His first western was accepted and triggered a run of cowboy stories published on the Black Horse Western label.

That Sedgefield-born Taylor, 63, should write westerns is an odd thought. Even stranger is where some of the inspiration for his novels came – his teaching days in the Midlands.

“I worked in Smethwick during the Seventies as a teacher in a multiracial society so, in some of my westerns, I’ve used themes from those countries and translated them into the west,” he explains.

“Racial problems were one of those themes and I’ve written stories about half-breeds. Another story was about two brothers of different colour.

And I’ve taken an incident where negros were slaughtered – a true battle when, under a white flag, they were wiped out by the Southern gentlemen.”

Another of his novels features the frontiersman nicknamed Blessed McGill. He fought with the indians, something Taylor has used in one of his novels.

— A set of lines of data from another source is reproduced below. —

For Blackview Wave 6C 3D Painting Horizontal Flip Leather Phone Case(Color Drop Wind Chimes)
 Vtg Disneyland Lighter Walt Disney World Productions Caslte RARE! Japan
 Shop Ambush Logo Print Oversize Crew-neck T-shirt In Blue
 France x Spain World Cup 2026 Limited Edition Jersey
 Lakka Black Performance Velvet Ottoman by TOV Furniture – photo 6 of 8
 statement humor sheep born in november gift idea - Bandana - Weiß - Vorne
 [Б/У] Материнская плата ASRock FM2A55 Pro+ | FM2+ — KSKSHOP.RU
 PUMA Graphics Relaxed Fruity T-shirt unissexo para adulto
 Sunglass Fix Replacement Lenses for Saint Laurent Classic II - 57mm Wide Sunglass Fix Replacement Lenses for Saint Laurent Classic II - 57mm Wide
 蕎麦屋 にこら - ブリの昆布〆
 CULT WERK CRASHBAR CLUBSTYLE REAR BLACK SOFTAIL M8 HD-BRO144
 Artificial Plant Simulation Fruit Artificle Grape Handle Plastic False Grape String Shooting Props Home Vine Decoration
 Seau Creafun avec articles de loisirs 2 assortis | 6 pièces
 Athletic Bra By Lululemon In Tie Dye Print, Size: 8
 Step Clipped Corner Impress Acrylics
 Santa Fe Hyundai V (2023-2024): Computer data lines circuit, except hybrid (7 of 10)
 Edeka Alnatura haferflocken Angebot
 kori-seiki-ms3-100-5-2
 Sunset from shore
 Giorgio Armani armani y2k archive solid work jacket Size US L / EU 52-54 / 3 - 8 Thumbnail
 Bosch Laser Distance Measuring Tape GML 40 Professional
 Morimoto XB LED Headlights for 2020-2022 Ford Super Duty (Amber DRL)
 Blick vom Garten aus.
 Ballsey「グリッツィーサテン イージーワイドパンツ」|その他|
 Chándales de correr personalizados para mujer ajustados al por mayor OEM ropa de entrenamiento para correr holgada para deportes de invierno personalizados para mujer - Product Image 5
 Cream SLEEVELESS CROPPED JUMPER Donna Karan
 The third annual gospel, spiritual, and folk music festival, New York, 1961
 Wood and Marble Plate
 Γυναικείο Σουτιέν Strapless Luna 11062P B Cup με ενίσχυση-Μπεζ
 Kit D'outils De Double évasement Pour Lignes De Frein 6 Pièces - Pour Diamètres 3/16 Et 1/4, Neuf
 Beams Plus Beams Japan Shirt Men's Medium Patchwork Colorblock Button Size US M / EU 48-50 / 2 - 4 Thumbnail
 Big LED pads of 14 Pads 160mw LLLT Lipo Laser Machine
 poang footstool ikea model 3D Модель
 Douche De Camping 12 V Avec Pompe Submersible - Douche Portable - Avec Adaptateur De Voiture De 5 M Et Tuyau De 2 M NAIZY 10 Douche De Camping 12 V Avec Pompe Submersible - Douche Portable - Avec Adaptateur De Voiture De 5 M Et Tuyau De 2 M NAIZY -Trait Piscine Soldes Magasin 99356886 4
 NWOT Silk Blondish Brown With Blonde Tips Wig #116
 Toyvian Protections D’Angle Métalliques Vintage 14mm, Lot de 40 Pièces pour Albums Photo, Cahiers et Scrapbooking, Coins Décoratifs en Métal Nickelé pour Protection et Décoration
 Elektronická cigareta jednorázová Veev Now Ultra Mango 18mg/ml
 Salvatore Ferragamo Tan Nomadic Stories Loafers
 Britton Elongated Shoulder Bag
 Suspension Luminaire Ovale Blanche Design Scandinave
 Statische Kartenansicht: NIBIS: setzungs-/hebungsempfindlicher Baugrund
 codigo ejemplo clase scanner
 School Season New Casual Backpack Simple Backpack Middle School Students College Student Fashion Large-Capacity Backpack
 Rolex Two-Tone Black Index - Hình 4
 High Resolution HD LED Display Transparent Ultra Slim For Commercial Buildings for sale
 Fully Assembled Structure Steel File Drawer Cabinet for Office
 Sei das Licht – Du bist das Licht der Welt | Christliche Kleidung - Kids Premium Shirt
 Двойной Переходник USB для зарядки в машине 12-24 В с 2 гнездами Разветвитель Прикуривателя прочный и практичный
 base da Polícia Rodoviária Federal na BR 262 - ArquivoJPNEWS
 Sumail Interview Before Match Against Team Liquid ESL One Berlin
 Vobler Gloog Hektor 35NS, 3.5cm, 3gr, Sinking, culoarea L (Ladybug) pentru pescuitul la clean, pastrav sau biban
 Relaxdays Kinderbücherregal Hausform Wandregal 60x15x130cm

“I’ve tried to get some truth behind the stories I write. I think the story is more important than anything else, if people get into the story they’ll read on rather than where it’s set or anything else.

“The other thing about westerns is that you can describe the scenery in a poetic fashion if you like, much more so than in a crime novel.”

The first novel he wrote – a western – was accepted by a publisher and so he carried on. He’s never had a book rejected and never used an agent.

Taylor, who still lives in the North- East, didn’t set out to be a writer. He did a history and physical education degree at university, although football was his first love. He played semiprofessionally and has only recently hung up his boots after playing in a local over-40s league for 20 years.

He sees football as an obvious subject for a book, but thinks it’s very difficult to write a football novel because the drama is in the game itself and not so much on the periphery.

He recalls as a student footballer playing in the reserves in a game against Hartlepool United. Their relatively- unknown manager Brian Clough impressed him. “I went back to university and told everybody he would be the best manager in the world. And they all laughed at me.

But there was something so positive about him and within two seasons I’d been proved right,” he says.

Taylor worked for 12 years as a civilian lecturer in the Army, followed by time in prison – as a lecturer in education. Both areas provided him with background for his writing.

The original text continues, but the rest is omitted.